神木の中で好奇心が芽生えてきた。思考が起動する。
『聞きたいことは何なのですか?』
ピシャッ…。水の跳ねる音がする。
「人魚の肉を食べれば、永遠の若さと命を手に入れる事が出来ると様々な文献に出て来ますが、人魚自体は永遠の若さと命を持っているのでしょうか?」
『そうだと思いますよ。老女の人魚は余り文献には出て来ないですし…。』
「やはり…。そうですよね…。」
近藤は、肩を落としているかの様に見える。
『何故、その様な事をお聞きになるのですか?』
神木の内で、ある感覚が膨れる。
【彼は人魚が存在している事を前提に、この話しているのではないのだろうか?】
「人魚は永遠の若さと命を持っている事になりますよね…。だとしたら…。」
そう言葉を吐き、その後、言葉を詰まらせた。
そして…意を決した表情で
「だとしたら…。

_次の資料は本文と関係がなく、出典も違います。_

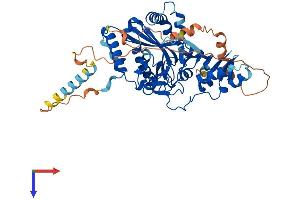 ATE1 Protein (AA 1-516) (His tag)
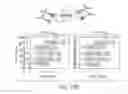Fig. 34 - Methods and compositions with a recombinant neutralizing binding protein for treating toxin exposure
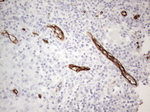 CD34 Antibody in Immunohistochemistry (Paraffin) (IHC (P))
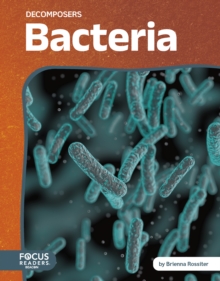 Image for Bacteria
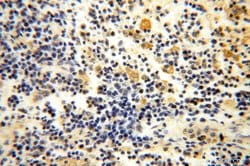 SLC35A1 Rabbit anti-Human, Mouse, Rat, Polyclonal, Proteintech 150 &mu;L;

妻は人魚ではない。と云う事になるのでしょうか?」
と告げた。
ーえっ?神木は、混乱をする。
『近藤さん、それは…どういう意味で…。』
ピシャッ…。ピシャッ…ピシャッ…。
また水の跳ねる音が聴こえる。
近藤は日常的な会話をする様に
【妻が人魚になって帰ってきたのです。】
と言った。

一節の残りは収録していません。